▽
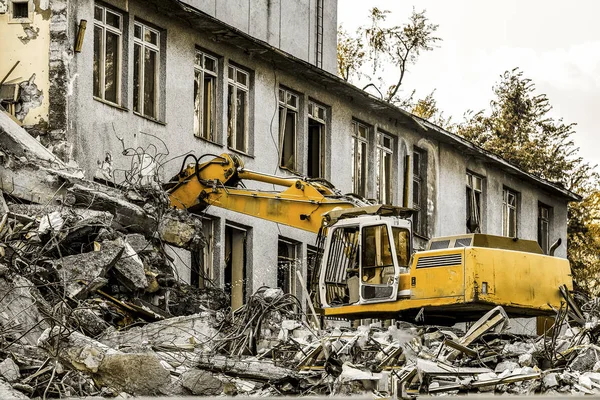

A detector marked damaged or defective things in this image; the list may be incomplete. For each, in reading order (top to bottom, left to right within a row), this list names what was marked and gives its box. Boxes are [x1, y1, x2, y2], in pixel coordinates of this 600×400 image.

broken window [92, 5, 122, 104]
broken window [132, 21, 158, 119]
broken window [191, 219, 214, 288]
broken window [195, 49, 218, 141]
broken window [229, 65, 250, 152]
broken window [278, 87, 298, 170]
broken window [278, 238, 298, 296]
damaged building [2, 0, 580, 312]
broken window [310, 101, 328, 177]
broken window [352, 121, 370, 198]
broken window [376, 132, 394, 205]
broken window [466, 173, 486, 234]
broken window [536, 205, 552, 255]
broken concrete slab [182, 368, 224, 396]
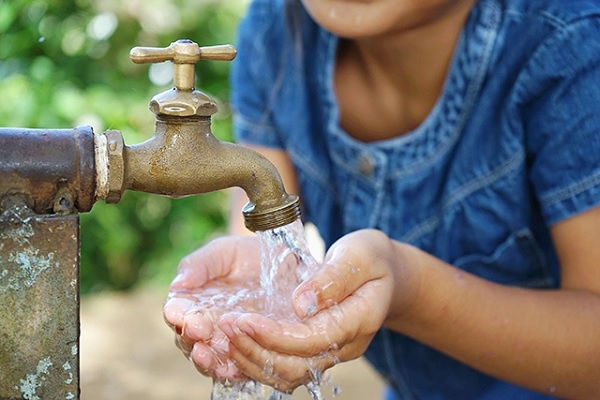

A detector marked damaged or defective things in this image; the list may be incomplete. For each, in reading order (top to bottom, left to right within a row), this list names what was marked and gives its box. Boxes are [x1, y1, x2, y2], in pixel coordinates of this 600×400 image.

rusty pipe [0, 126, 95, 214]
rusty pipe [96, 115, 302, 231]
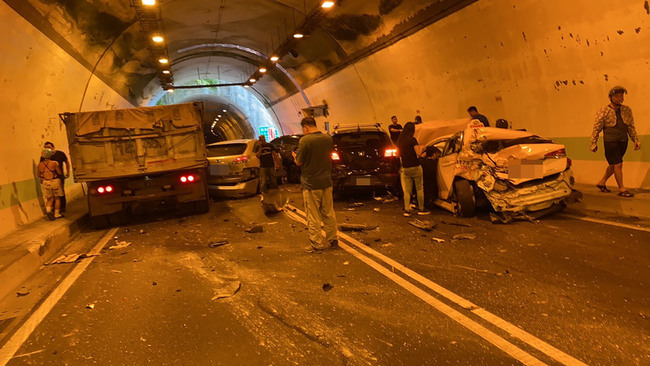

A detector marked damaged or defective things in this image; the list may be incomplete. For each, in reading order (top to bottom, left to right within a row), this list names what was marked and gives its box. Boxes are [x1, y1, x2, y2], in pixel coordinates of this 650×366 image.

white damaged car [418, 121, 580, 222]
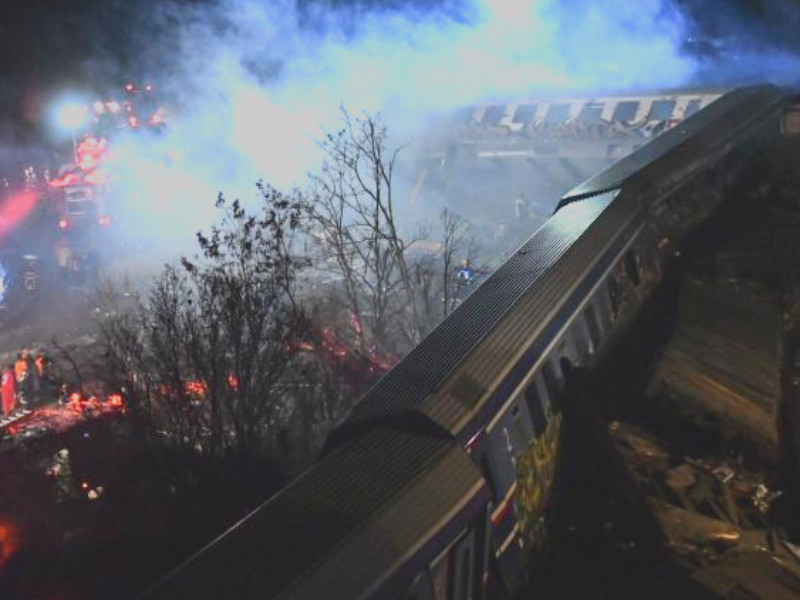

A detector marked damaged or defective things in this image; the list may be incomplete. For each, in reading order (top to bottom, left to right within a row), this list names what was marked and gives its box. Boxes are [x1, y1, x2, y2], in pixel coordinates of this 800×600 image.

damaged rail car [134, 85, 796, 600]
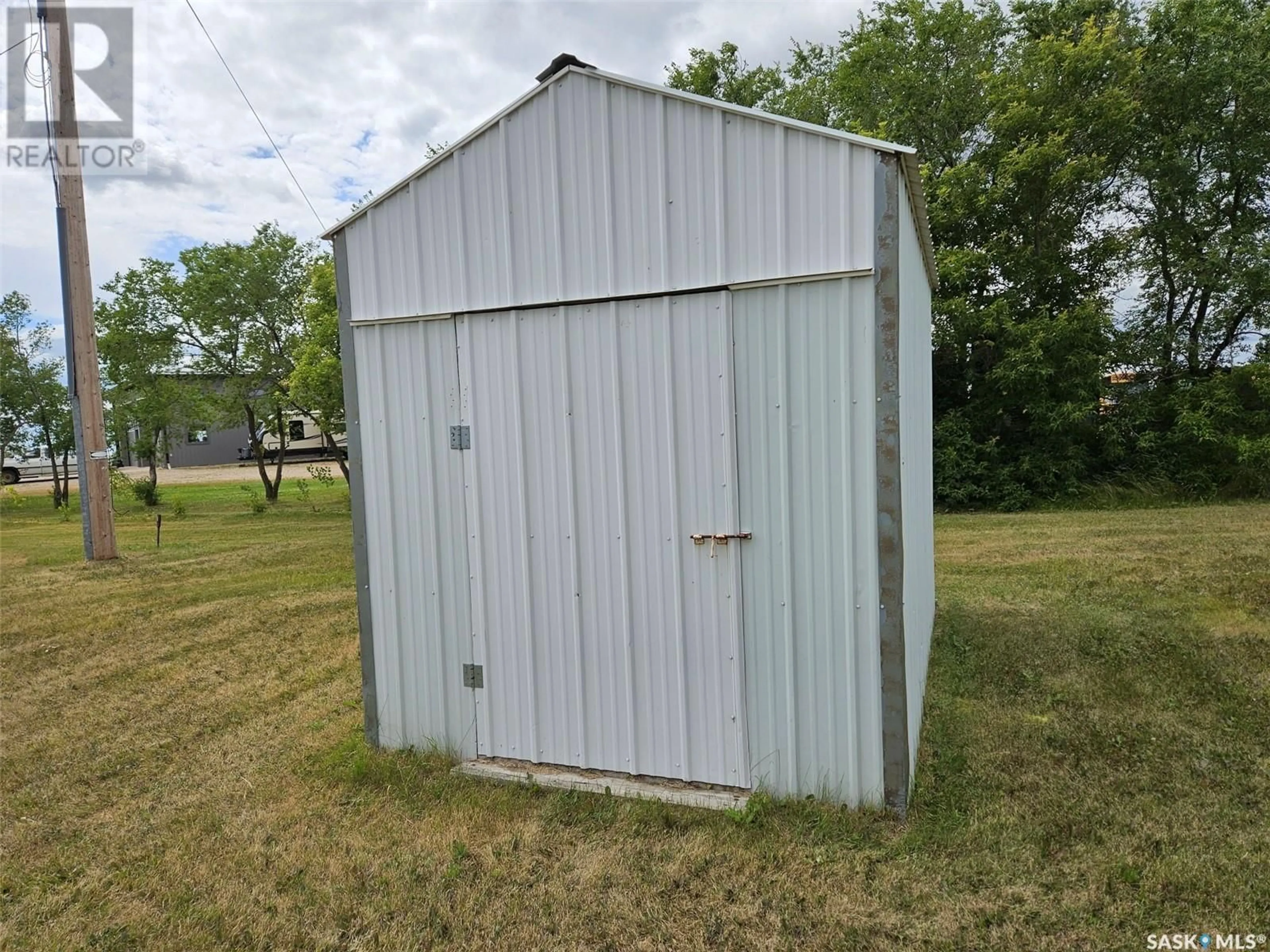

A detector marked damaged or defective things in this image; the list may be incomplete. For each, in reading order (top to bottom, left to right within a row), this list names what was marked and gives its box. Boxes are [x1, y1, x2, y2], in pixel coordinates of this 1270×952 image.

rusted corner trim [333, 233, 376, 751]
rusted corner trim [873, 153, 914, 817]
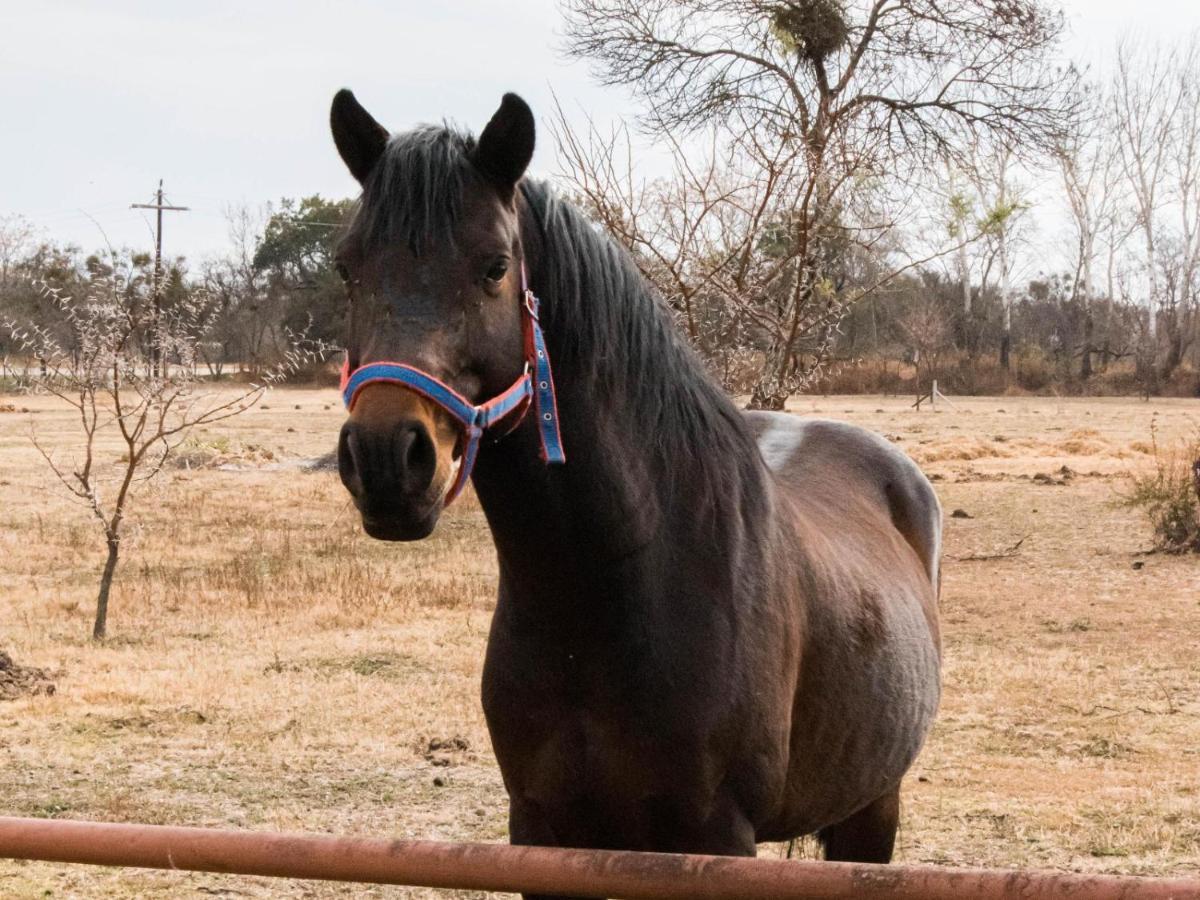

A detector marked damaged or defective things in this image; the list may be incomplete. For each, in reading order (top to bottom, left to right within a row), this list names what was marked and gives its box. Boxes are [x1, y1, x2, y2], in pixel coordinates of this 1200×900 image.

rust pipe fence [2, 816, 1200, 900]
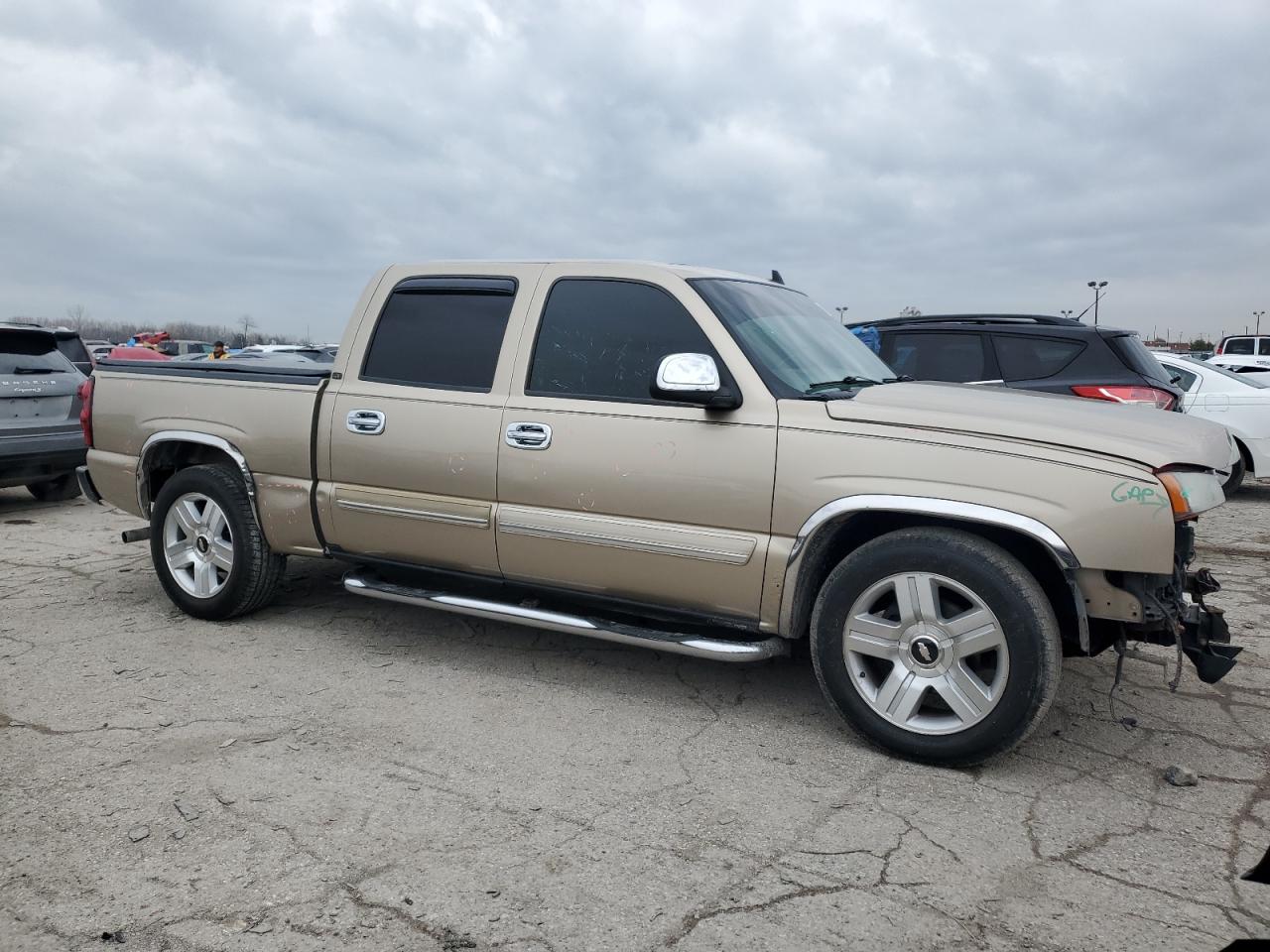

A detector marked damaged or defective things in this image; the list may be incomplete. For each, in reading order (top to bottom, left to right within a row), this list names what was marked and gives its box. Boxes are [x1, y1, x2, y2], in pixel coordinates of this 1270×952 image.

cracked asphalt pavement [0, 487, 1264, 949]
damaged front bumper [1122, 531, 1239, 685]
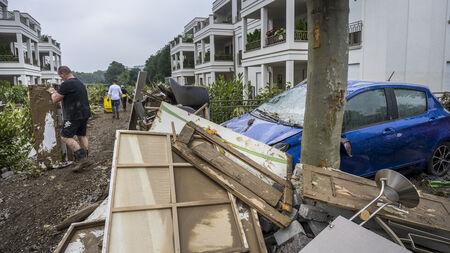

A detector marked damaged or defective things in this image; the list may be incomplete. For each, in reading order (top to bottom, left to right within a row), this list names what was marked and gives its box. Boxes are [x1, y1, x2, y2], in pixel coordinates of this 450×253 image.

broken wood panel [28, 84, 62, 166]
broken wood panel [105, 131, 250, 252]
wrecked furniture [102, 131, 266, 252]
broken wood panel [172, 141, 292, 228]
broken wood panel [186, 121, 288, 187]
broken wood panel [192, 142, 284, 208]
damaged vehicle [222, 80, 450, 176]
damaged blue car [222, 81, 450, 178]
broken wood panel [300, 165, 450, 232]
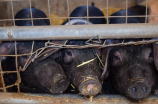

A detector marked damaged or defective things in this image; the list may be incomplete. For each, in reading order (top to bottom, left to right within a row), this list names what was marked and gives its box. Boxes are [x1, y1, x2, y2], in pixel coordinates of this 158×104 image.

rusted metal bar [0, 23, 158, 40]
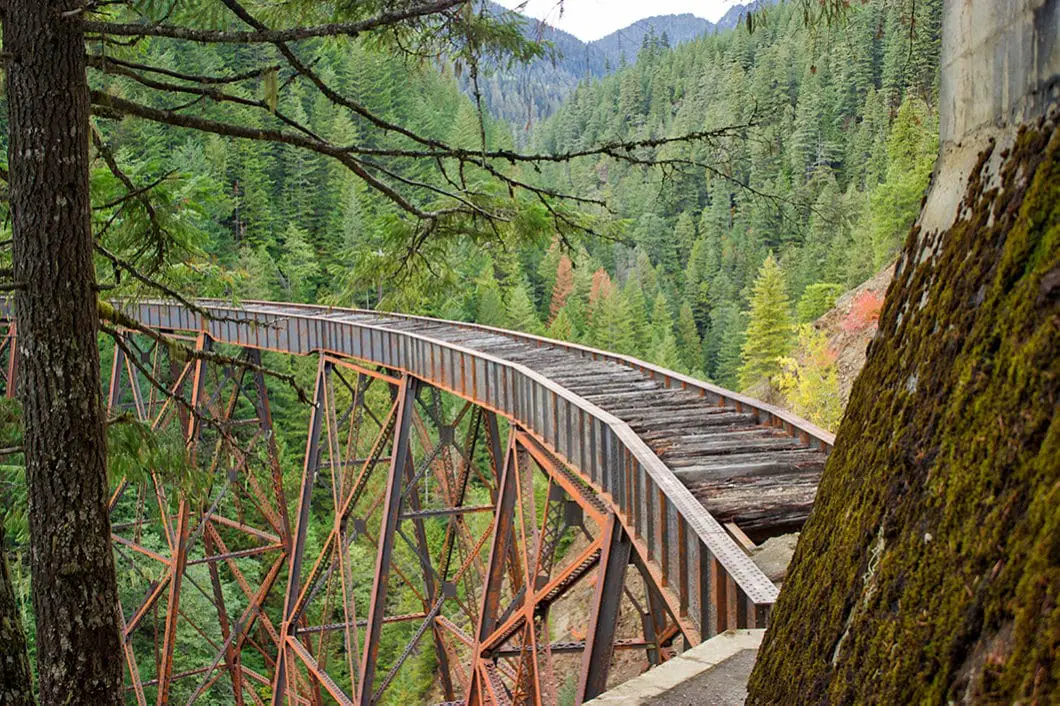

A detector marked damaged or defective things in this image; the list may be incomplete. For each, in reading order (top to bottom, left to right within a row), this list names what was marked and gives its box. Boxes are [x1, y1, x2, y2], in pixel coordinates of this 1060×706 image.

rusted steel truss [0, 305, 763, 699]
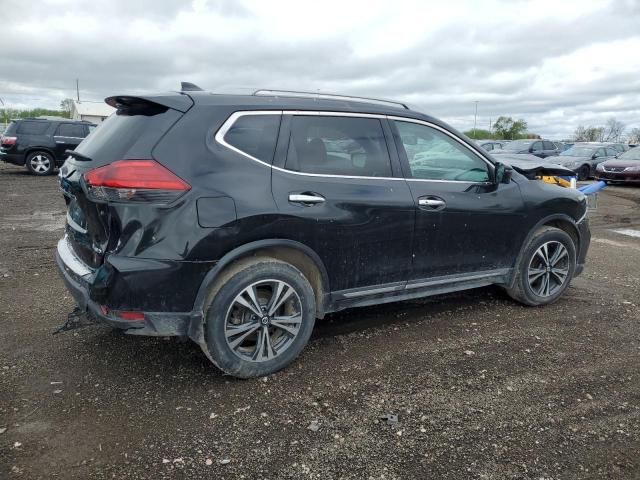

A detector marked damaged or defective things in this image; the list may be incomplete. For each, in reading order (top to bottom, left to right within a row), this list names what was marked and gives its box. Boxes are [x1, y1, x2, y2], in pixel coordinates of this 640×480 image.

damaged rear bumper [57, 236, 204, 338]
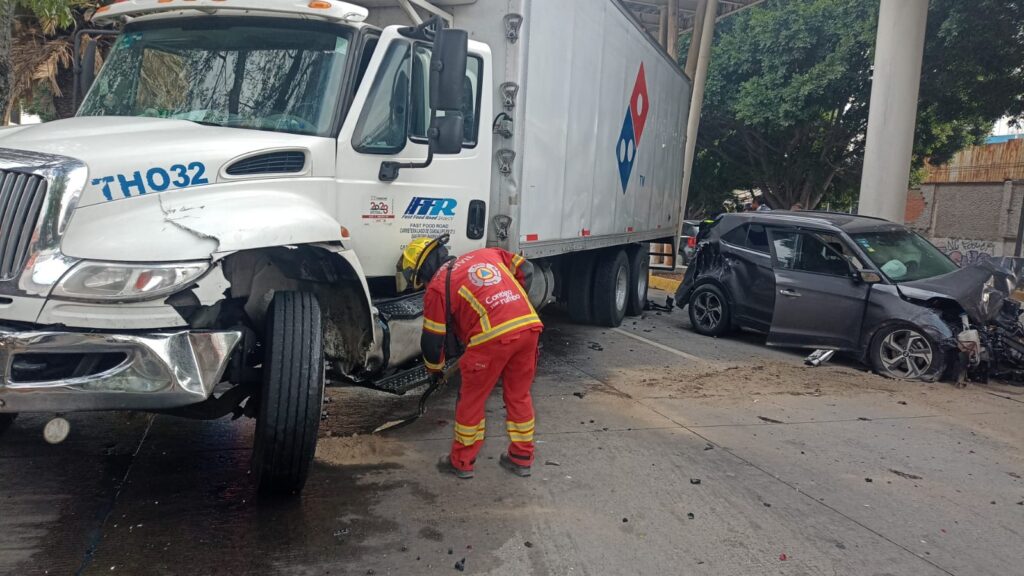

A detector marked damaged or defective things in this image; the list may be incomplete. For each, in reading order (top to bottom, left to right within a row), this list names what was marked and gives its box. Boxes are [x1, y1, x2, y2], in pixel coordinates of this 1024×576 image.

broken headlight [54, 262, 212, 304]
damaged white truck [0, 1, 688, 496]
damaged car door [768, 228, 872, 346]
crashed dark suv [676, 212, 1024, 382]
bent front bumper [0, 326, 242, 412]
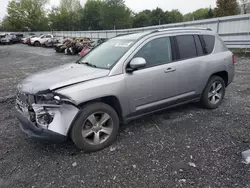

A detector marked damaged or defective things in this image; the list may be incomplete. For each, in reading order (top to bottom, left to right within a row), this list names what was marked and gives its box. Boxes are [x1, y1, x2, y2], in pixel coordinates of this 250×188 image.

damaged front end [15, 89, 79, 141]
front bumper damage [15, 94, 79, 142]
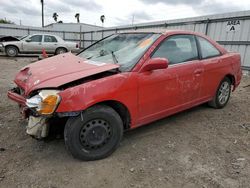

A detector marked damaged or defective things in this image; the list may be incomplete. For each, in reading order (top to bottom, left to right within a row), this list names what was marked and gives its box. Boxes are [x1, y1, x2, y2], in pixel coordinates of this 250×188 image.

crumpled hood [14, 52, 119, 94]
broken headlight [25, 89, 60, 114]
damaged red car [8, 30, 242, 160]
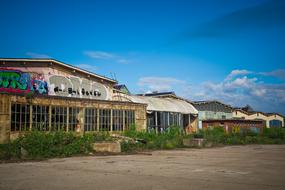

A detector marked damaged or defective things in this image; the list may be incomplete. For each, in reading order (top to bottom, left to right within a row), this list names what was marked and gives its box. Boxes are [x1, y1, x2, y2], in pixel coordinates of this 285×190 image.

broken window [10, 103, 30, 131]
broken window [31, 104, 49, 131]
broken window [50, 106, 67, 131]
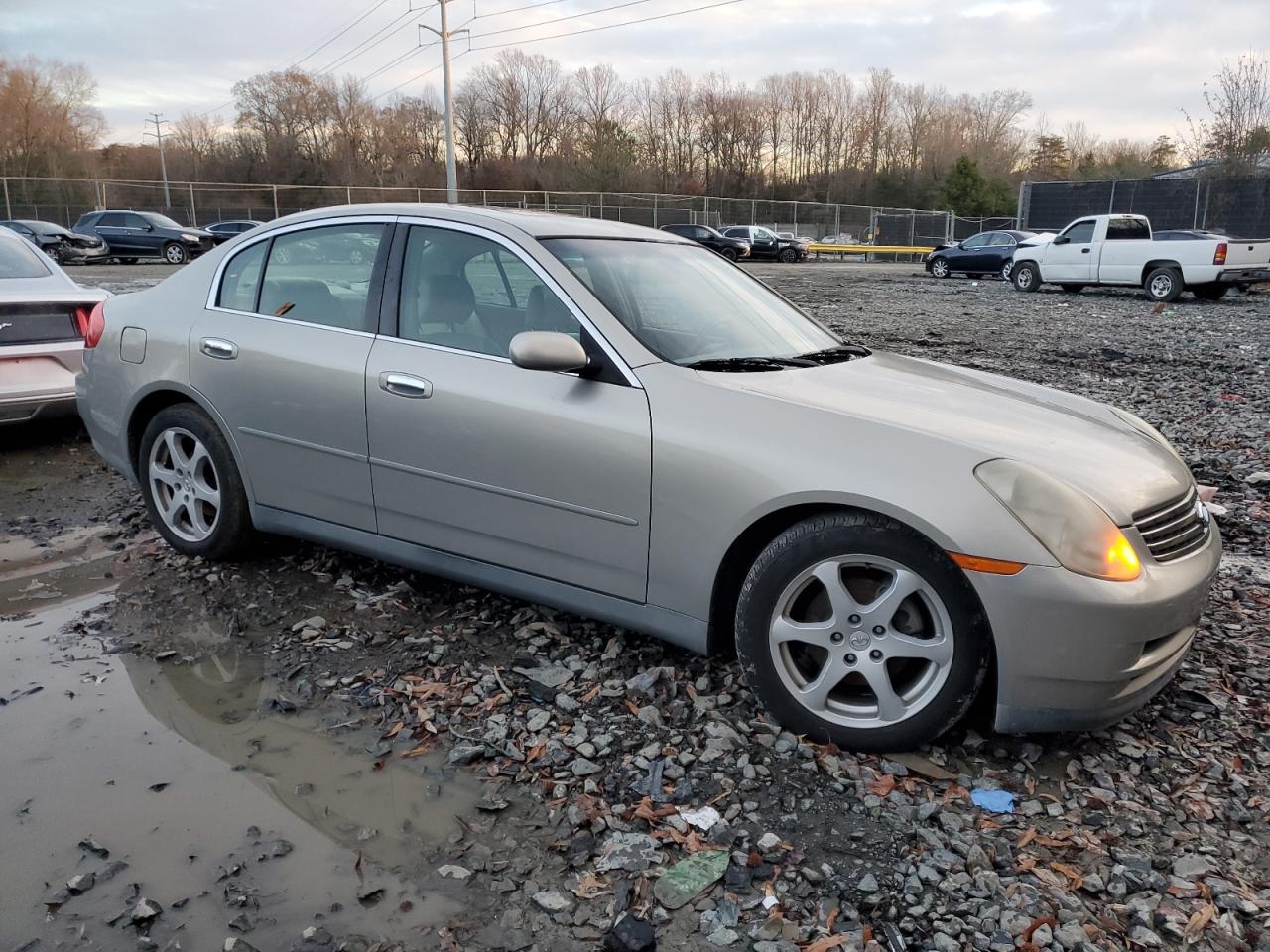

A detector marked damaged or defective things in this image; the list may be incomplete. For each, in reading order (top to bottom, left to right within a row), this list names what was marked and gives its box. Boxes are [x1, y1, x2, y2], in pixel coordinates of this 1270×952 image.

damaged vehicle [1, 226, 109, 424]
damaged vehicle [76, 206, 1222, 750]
△
Would you restate word for word each line from the one that holds "this 285×190 image." to the end of the material, both ends included, without the pictures?

* SOLUTION *
A detector marked damaged or defective things in this image; the list may be incomplete. For each, in reading order (top to bottom, left to right within a row), this list names what was marked and gives its box. Boxes are [x1, y1, x2, y2], in pixel coordinates of this 285×190 image.

broken window [10, 103, 30, 131]
broken window [31, 104, 49, 131]
broken window [50, 106, 67, 131]

A detector marked damaged or defective things in this image; the list may be incomplete. For each, in reading order (top to bottom, left to right within a row), this list names what was marked and gives its box. Boxes are [x1, y1, x2, y2], in pixel coordinates of this 1270×952 image.

damaged vehicle [1, 226, 109, 424]
damaged vehicle [76, 206, 1222, 750]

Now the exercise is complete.